Data records »
Start of Block
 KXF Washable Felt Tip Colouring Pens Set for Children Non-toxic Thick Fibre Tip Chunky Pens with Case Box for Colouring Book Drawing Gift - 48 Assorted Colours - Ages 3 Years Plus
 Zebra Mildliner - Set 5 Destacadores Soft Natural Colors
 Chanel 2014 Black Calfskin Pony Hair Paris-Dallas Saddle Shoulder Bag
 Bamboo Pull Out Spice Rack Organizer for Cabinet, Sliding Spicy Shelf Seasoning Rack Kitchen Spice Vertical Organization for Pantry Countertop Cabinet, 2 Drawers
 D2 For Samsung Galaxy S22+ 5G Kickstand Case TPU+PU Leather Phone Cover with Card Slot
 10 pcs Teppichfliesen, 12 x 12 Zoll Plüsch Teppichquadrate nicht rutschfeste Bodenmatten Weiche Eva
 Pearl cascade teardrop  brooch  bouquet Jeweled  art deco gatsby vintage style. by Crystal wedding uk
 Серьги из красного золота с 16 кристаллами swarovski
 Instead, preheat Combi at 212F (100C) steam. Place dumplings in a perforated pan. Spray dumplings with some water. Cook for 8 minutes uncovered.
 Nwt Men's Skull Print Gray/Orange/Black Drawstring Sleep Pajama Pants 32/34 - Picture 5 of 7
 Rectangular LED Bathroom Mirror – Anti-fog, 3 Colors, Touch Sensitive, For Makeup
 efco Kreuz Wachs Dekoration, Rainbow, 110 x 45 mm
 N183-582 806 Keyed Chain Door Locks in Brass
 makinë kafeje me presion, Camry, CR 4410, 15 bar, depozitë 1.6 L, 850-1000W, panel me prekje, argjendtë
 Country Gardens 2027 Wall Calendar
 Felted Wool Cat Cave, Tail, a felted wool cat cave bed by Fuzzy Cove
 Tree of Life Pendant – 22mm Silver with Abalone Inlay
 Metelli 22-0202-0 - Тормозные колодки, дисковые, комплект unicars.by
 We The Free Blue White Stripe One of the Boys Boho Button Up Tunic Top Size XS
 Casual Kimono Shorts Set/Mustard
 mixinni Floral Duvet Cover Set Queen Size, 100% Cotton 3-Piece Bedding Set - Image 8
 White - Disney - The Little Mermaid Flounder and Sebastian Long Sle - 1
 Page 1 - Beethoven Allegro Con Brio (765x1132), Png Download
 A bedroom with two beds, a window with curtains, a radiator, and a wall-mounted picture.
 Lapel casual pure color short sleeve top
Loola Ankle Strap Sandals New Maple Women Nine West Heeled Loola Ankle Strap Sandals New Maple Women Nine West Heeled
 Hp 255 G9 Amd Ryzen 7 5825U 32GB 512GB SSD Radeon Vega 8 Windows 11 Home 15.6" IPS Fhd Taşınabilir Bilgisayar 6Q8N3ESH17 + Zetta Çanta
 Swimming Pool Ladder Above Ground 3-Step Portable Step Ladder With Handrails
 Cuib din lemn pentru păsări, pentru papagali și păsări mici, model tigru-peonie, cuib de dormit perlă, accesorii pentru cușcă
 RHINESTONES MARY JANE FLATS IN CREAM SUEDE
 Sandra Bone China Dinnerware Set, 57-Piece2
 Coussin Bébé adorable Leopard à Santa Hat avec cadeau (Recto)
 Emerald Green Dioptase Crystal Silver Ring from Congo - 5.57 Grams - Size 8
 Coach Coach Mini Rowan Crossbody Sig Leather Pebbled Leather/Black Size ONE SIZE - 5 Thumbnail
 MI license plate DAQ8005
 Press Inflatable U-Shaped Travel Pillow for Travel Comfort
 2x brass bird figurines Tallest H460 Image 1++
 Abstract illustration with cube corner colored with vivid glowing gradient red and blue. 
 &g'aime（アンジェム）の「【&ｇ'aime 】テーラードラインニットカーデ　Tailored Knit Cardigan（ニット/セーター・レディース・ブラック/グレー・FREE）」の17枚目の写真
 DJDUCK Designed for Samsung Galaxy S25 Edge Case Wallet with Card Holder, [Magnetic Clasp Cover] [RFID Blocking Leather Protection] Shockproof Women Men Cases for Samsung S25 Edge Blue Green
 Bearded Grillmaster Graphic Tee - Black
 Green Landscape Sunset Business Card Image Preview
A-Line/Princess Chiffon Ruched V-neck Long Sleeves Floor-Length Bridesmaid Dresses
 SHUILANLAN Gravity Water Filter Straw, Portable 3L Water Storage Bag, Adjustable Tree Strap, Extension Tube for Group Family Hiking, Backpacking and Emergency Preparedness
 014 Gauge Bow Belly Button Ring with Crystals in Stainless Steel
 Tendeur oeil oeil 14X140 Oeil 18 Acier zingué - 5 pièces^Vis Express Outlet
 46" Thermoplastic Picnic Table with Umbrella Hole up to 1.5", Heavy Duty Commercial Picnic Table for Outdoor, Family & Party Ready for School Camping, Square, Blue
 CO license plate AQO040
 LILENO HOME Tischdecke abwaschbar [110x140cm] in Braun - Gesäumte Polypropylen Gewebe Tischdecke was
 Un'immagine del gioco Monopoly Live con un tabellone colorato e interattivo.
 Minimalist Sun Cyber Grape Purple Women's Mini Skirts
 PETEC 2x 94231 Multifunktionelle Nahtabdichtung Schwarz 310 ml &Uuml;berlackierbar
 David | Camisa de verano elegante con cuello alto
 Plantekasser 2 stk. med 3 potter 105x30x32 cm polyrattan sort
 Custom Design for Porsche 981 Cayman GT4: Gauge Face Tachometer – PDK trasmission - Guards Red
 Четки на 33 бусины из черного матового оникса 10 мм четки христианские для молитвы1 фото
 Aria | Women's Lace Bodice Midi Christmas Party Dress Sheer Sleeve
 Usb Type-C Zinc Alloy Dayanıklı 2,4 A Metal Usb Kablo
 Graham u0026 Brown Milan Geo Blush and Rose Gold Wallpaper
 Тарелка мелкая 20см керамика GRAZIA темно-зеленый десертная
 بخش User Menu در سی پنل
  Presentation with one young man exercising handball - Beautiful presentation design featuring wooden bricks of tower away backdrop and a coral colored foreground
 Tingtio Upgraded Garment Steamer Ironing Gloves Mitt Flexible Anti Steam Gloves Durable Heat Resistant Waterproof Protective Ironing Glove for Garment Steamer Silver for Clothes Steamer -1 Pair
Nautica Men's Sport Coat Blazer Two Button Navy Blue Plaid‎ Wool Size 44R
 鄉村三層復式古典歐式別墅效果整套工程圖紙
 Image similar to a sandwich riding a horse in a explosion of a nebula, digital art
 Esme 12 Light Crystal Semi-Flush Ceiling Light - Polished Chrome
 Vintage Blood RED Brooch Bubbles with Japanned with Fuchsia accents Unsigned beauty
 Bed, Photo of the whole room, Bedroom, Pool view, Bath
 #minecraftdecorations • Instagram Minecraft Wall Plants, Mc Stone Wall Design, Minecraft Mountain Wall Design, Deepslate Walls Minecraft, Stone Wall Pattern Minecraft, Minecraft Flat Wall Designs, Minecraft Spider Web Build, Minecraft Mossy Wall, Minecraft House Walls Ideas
End of Block
Your task »
Set down, unchanged, only those lines above that fall between the line with "10 pcs Teppichfliesen, 12" and the line with "Felted Wool Cat Cave, Tail, a", the two end lines included.

Output for this task »
 10 pcs Teppichfliesen, 12 x 12 Zoll Plüsch Teppichquadrate nicht rutschfeste Bodenmatten Weiche Eva
 Pearl cascade teardrop  brooch  bouquet Jeweled  art deco gatsby vintage style. by Crystal wedding uk
 Серьги из красного золота с 16 кристаллами swarovski
 Instead, preheat Combi at 212F (100C) steam. Place dumplings in a perforated pan. Spray dumplings with some water. Cook for 8 minutes uncovered.
 Nwt Men's Skull Print Gray/Orange/Black Drawstring Sleep Pajama Pants 32/34 - Picture 5 of 7
 Rectangular LED Bathroom Mirror – Anti-fog, 3 Colors, Touch Sensitive, For Makeup
 efco Kreuz Wachs Dekoration, Rainbow, 110 x 45 mm
 N183-582 806 Keyed Chain Door Locks in Brass
 makinë kafeje me presion, Camry, CR 4410, 15 bar, depozitë 1.6 L, 850-1000W, panel me prekje, argjendtë
 Country Gardens 2027 Wall Calendar
 Felted Wool Cat Cave, Tail, a felted wool cat cave bed by Fuzzy Cove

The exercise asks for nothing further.